Segment Start: DATA UNDER STUDY

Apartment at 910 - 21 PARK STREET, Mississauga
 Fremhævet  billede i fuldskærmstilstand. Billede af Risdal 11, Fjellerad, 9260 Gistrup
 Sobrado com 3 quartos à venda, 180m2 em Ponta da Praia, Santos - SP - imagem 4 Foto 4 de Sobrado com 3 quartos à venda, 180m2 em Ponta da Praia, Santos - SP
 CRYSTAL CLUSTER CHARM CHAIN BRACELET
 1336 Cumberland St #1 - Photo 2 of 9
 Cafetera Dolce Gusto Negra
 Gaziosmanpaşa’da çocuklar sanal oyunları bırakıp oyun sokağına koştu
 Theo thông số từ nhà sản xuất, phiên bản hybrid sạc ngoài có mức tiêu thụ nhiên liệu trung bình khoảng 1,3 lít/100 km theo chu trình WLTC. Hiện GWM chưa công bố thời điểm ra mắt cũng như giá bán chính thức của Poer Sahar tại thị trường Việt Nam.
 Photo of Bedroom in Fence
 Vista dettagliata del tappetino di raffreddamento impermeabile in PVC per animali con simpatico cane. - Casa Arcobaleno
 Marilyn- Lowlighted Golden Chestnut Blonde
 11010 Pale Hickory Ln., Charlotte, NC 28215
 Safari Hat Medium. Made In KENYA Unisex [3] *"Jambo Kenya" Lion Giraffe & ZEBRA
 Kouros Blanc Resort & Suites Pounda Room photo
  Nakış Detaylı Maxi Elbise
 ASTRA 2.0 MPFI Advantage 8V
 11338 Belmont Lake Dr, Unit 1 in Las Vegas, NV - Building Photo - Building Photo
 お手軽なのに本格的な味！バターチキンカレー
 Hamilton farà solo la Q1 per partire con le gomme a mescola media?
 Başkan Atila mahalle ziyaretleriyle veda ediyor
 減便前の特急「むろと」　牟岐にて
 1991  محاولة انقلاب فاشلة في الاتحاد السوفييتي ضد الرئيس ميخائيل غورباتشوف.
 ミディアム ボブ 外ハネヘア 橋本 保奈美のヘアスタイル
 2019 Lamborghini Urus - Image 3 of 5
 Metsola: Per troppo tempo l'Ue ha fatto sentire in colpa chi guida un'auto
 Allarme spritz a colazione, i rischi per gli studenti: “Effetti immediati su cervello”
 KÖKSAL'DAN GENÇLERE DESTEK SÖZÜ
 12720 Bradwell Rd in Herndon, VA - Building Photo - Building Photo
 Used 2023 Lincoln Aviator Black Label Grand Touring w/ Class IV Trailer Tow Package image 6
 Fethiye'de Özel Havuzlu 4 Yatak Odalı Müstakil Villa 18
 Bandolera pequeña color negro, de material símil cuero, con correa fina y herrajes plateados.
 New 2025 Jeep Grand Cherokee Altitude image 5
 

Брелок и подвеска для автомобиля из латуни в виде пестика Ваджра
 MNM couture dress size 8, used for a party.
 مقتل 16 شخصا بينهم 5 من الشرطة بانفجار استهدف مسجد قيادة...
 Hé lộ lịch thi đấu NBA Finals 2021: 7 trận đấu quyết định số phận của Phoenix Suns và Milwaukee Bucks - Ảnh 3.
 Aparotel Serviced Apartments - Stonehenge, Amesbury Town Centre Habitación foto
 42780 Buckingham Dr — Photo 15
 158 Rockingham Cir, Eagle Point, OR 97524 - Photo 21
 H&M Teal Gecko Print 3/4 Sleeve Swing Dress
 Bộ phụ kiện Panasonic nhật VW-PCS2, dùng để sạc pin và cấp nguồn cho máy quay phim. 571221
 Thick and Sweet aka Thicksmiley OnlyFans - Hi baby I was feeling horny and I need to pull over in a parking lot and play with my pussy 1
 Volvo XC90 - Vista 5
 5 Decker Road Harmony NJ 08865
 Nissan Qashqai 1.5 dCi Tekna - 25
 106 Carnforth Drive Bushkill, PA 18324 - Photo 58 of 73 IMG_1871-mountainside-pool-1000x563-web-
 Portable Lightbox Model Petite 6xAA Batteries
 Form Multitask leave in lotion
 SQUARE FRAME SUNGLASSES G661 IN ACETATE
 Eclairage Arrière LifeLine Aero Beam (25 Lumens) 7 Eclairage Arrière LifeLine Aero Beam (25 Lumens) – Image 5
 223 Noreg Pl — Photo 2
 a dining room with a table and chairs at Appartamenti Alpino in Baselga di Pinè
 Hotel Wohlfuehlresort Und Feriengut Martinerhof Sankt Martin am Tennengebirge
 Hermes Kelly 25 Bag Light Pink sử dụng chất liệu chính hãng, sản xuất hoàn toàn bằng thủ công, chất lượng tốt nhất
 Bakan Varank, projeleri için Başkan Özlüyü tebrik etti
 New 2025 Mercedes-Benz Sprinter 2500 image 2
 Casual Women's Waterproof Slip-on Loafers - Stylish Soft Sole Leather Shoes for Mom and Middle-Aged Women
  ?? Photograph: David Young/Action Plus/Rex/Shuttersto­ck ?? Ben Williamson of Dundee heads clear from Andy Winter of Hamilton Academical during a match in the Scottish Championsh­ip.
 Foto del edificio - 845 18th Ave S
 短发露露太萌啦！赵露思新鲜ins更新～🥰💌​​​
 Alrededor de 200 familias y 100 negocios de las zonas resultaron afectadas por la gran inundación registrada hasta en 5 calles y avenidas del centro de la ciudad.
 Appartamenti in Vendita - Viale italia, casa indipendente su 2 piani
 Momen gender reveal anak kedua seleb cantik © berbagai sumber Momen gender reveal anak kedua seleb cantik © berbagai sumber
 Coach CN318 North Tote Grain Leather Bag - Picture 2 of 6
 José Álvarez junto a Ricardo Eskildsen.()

Segment End: DATA UNDER STUDY

**EXERCISE GOAL**
List the lines of the records where "Leather" occurs.

**RESPONSE TO THIS EXERCISE**
 Casual Women's Waterproof Slip-on Loafers - Stylish Soft Sole Leather Shoes for Mom and Middle-Aged Women
 Coach CN318 North Tote Grain Leather Bag - Picture 2 of 6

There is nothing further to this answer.